Aim of the task>
Starting at the line holding "Коммутатор IP-COM G5328F, 24×1" and finishing at the line holding "Fiumicino, Italy - My, The", transcribe the material exactly, keeping both ends but no pictures.

++++ Supplied material

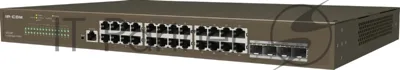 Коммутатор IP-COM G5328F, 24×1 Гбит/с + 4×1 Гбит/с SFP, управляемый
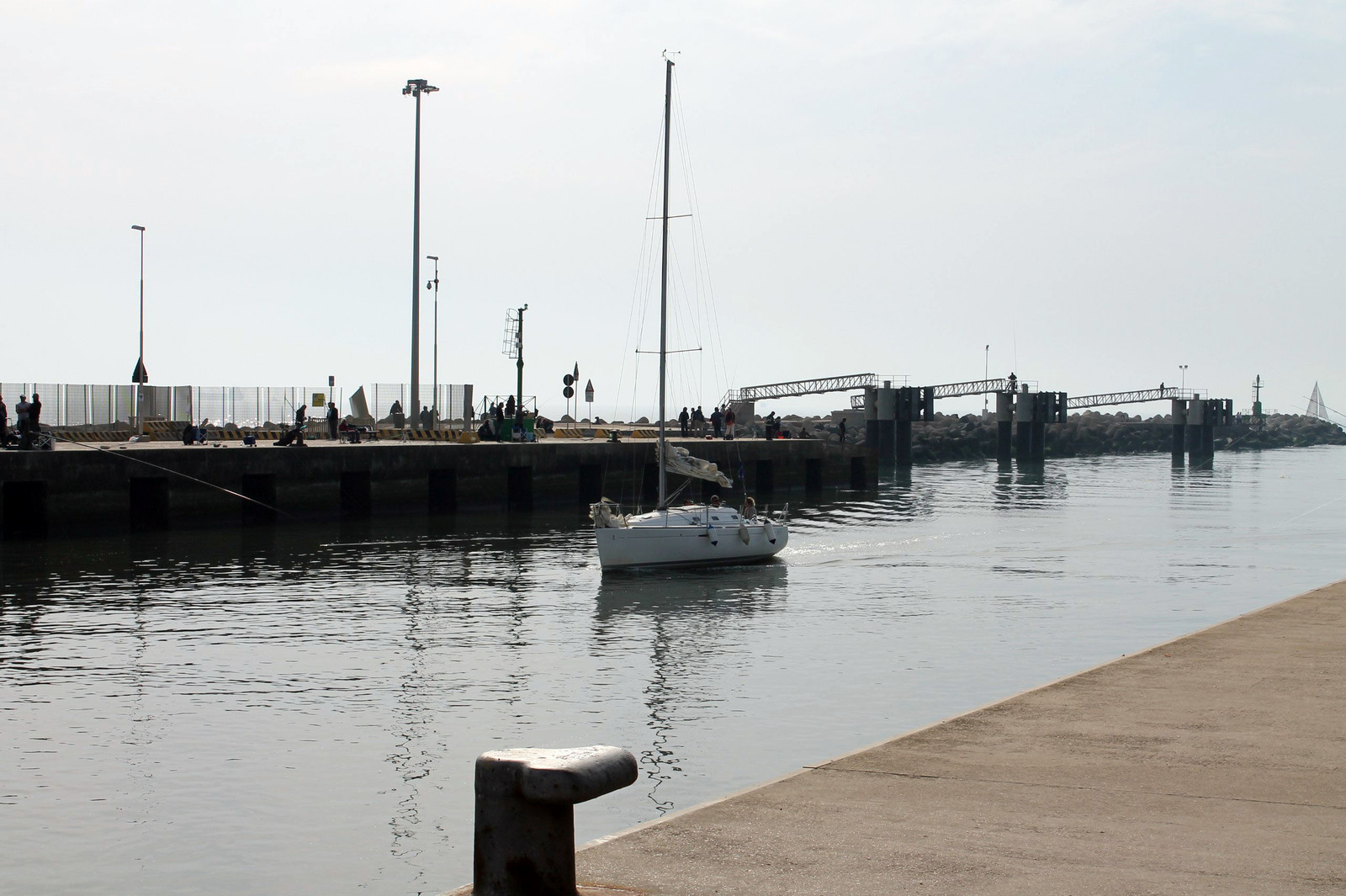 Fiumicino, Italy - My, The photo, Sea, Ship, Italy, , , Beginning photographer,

++++++++
++++ Supplied material

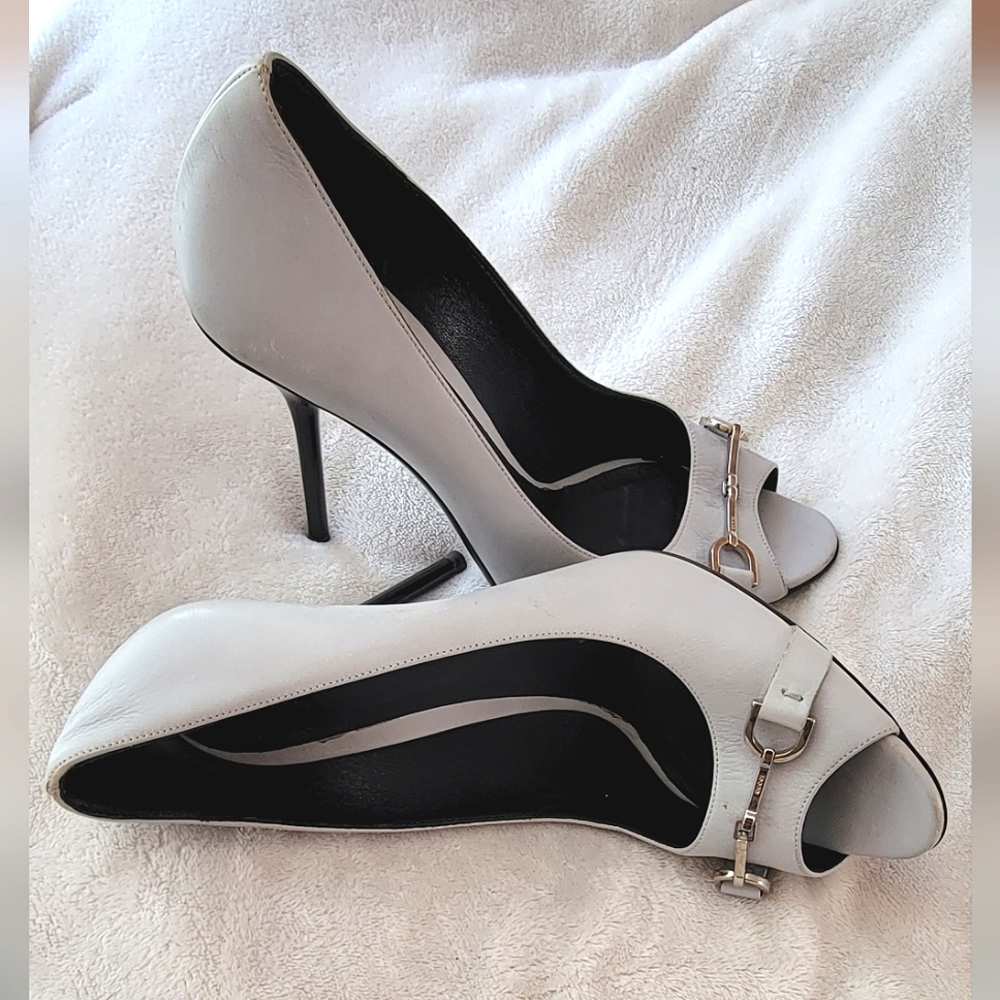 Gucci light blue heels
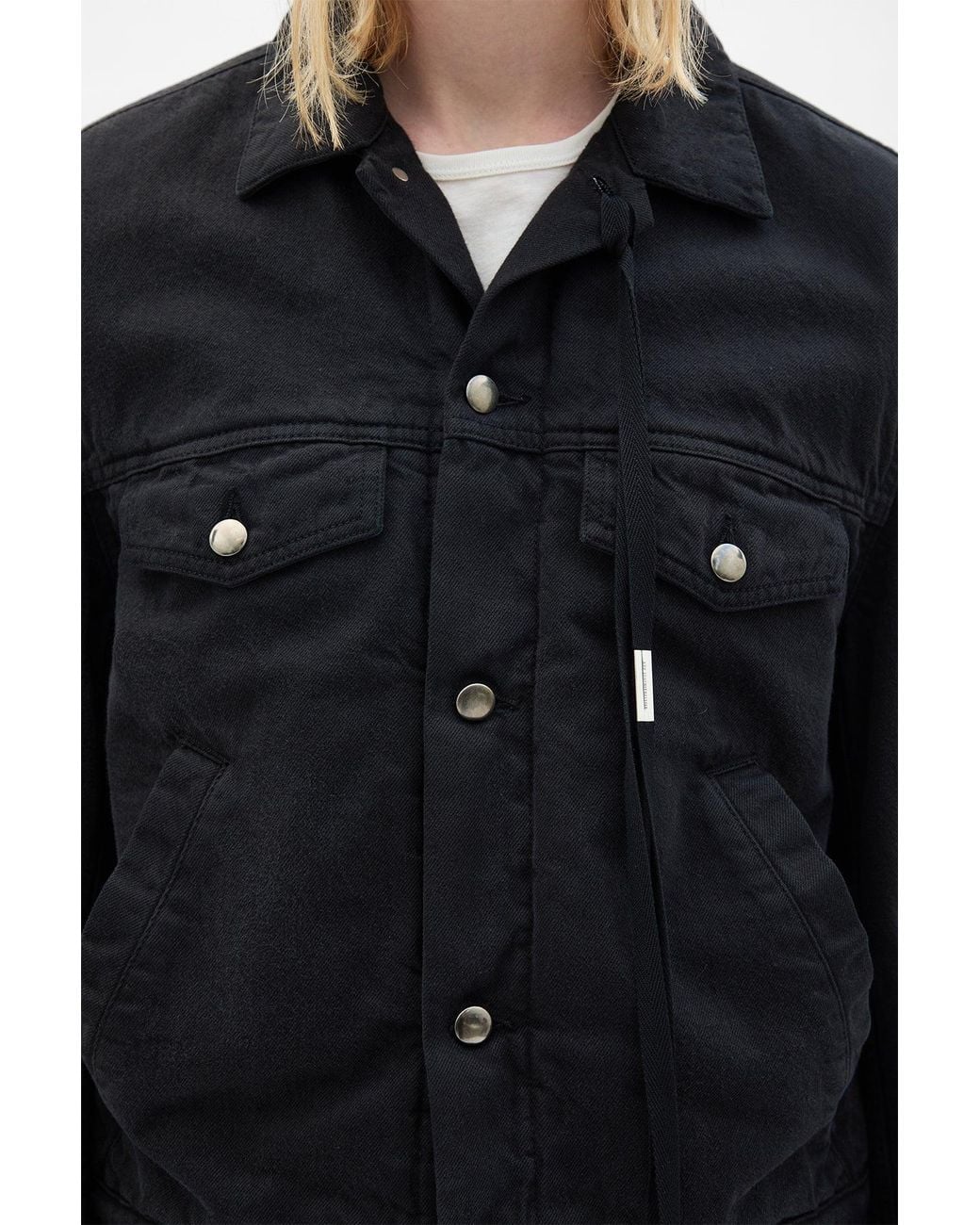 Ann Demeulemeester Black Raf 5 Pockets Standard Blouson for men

++++++++

Answer section>
 Коммутатор IP-COM G5328F, 24×1 Гбит/с + 4×1 Гбит/с SFP, управляемый
 Fiumicino, Italy - My, The photo, Sea, Ship, Italy, , , Beginning photographer,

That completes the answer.